The code block above shows example usage for nearly all available commands. Rarefaction plot in the aging case displays a strong age-related diversity decrease. If running on a server with ~24GB of available RAM one can try out repertoire clustering for the whole experiment (replace metadata.small.txt with metadata.txt for corresponding routines) which will show some interesting age-related trends.

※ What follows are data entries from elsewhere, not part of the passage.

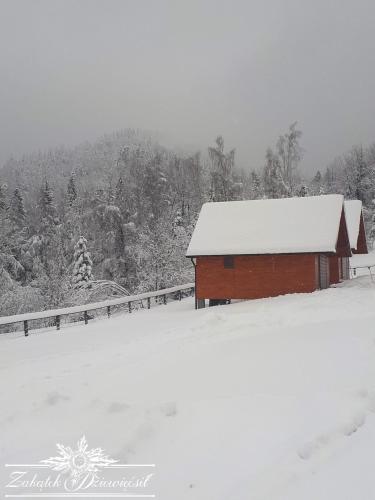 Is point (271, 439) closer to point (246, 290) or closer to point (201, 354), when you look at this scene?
point (201, 354)

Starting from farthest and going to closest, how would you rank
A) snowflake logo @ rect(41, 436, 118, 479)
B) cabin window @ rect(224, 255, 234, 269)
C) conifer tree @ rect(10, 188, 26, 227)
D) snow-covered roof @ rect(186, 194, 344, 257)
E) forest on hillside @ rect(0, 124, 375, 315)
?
conifer tree @ rect(10, 188, 26, 227) → forest on hillside @ rect(0, 124, 375, 315) → cabin window @ rect(224, 255, 234, 269) → snow-covered roof @ rect(186, 194, 344, 257) → snowflake logo @ rect(41, 436, 118, 479)

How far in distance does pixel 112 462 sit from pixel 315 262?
58.3 ft

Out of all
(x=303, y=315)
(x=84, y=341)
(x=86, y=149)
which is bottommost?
(x=84, y=341)

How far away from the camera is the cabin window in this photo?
21547 mm

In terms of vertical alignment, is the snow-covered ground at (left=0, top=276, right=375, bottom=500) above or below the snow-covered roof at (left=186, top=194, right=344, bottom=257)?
below

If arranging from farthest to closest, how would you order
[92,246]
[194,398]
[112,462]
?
[92,246] → [194,398] → [112,462]

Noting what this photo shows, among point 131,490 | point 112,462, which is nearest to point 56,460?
point 112,462

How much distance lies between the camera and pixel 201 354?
819 centimetres

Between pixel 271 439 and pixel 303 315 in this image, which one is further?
pixel 303 315

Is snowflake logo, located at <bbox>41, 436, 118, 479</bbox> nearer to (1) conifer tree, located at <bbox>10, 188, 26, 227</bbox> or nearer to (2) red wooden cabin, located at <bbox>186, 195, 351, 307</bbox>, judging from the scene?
(2) red wooden cabin, located at <bbox>186, 195, 351, 307</bbox>

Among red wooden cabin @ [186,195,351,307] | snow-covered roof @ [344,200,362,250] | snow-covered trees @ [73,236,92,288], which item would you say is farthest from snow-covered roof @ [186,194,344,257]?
snow-covered trees @ [73,236,92,288]

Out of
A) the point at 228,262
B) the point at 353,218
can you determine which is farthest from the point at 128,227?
the point at 353,218

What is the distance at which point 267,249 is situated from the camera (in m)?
A: 20.7

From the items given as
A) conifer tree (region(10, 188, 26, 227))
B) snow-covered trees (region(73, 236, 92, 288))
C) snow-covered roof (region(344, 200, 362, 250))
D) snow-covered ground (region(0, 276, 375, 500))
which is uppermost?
conifer tree (region(10, 188, 26, 227))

Variable segment usage in healthy donors of various age. Note non-random sample grouping within dendrogram which can be attributed to stochastic antigen-driven expansion of clonotypes as we age. See CalcSegmentUsage for a detailed description of this plot.

---

HSCT

Hematopoietic stem cell transfer (HSCT) is a great model for clonotype tracking and studying how the diversity of immune repertoire restores following myeloablation. Post-analysis can be performed using the following commands:

# Some basic analysis, same as above
$VDJTOOLS CalcBasicStats -m metadata.txt out/0
$VDJTOOLS CalcSpectratype -m metadata.txt out/1
$VDJTOOLS CalcSegmentUsage -m metadata.txt -p -f "Time post HSCT, months" -n out/2

# Diversity estimates
# Note that selecting the factor having spaces in its name requires using double quotes
$VDJTOOLS CalcDiversityStats -m metadata.txt out/3
$VDJTOOLS RarefactionPlot -m metadata.txt -f "Time post HSCT, months" -n -l sample.id out/4

# Clonotype tracking
# Show repertoire changes that happen directly after HSCT
$VDJTOOLS OverlapPair -p ../samples/minus48months.txt.gz ../samples/4months.txt.gz out/5
# Next routine by default detects clonotypes that are present in 2 or more samples
# and builds a time course for them,
# but here we trace clonotypes from first time point setting -x 0
$VDJTOOLS TrackClonotypes -m metadata.txt -f "Time post HSCT, months" -x 0 -p out/6

RarefactionPlot output shows how repertoire diversity is lost and restored during post-HSCT period. The output of ScanDatabase (DEPRECATED since v1.0.5, use VDJmatch) displays that CMV- and EBV-specific clonotypes start to dominate in the repertoire: they comprise ~4% of repertoire prior to HSCT, but increase more than 2-fold in post-HSCT period.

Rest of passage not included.